*The records*.
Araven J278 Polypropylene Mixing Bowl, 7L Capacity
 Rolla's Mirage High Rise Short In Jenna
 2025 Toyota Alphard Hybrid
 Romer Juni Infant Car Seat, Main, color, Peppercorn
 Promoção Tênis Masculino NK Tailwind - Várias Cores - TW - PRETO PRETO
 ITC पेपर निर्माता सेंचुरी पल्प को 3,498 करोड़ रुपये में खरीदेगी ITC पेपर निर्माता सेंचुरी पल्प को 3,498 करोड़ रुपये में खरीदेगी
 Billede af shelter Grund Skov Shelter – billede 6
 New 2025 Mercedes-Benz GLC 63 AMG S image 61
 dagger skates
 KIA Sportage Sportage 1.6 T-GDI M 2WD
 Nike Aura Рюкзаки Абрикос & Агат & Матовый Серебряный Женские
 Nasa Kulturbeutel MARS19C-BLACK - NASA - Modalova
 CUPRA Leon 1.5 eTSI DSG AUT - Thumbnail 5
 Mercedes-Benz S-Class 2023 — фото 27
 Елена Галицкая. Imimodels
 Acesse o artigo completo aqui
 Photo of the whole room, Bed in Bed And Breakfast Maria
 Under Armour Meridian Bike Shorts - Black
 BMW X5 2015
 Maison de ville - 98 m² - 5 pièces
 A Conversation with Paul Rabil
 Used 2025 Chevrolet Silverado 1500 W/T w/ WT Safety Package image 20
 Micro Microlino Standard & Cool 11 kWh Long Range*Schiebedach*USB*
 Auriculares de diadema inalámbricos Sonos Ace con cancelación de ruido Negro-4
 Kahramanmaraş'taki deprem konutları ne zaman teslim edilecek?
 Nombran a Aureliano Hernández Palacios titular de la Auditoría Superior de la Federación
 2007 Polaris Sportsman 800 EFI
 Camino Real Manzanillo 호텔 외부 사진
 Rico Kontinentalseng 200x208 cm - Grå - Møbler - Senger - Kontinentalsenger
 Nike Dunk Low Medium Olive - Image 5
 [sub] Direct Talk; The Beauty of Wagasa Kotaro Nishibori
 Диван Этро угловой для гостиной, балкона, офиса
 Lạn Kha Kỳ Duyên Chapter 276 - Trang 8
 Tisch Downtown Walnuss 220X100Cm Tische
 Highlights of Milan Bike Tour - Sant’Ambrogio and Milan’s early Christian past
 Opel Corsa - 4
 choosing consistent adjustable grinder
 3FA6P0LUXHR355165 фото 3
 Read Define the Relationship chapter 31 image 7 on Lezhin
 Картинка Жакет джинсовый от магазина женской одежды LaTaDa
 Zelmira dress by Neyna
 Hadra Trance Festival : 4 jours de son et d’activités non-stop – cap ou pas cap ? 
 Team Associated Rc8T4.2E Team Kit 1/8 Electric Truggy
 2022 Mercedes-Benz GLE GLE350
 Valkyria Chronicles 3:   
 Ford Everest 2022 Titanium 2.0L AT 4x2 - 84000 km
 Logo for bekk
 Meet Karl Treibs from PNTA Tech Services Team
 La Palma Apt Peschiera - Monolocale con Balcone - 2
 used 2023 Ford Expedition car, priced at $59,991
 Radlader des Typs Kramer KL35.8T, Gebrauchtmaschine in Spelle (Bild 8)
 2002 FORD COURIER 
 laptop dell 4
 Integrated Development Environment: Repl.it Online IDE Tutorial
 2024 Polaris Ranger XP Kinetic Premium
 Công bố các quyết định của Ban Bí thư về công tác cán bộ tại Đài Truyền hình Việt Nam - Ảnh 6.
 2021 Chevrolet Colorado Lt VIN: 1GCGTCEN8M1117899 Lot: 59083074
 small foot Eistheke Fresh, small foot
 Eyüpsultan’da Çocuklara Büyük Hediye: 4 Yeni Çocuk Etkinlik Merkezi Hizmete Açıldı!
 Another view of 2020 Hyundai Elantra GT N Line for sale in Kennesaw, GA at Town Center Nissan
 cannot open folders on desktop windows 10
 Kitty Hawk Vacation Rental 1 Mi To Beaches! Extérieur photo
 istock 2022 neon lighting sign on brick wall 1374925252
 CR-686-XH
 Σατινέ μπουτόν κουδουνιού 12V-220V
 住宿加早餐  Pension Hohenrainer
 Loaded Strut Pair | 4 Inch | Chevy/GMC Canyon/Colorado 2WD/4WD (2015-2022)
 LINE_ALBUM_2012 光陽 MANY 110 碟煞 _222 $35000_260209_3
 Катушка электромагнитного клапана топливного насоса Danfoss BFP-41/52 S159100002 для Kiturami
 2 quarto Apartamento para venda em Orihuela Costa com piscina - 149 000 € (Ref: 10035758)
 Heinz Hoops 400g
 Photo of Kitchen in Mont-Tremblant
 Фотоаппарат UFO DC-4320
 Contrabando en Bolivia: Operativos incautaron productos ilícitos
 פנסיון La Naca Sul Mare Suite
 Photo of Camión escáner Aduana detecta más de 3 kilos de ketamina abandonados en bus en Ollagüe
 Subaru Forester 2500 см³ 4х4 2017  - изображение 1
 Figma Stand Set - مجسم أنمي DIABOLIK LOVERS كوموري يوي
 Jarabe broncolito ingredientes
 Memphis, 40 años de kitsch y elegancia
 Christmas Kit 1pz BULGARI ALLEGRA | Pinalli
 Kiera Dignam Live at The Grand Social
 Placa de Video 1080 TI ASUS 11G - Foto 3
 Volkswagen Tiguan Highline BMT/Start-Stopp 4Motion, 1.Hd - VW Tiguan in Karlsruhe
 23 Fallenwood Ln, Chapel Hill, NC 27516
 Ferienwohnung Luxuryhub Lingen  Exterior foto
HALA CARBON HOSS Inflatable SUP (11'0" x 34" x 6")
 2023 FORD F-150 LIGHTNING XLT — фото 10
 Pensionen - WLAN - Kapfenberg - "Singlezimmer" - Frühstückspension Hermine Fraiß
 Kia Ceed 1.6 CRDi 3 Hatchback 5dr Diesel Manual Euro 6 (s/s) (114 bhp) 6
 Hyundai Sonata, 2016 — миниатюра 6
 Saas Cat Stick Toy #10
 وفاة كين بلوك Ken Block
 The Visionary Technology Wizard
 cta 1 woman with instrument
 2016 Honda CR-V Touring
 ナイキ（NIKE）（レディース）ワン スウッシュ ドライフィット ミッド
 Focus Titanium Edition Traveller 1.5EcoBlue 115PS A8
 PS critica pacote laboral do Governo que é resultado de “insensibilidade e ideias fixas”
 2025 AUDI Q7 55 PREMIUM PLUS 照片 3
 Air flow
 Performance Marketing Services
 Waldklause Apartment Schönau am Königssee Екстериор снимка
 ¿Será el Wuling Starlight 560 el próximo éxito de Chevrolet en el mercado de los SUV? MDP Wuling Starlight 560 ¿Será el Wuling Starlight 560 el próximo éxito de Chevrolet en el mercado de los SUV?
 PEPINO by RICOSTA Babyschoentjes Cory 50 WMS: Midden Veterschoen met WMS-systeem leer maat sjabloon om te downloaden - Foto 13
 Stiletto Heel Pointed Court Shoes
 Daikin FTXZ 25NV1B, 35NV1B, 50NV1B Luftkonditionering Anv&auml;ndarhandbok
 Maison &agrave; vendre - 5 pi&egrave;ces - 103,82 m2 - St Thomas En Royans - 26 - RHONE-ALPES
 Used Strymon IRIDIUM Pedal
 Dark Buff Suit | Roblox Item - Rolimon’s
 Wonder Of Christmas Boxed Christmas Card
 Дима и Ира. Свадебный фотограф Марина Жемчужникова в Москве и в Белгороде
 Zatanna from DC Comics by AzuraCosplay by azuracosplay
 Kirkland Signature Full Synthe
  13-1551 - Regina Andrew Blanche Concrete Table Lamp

*Work order*. Look for the string "Benz" in the entries above. Copy every line that has it.

*Answer to this exercise*.
 New 2025 Mercedes-Benz GLC 63 AMG S image 61
 Mercedes-Benz S-Class 2023 — фото 27
 2022 Mercedes-Benz GLE GLE350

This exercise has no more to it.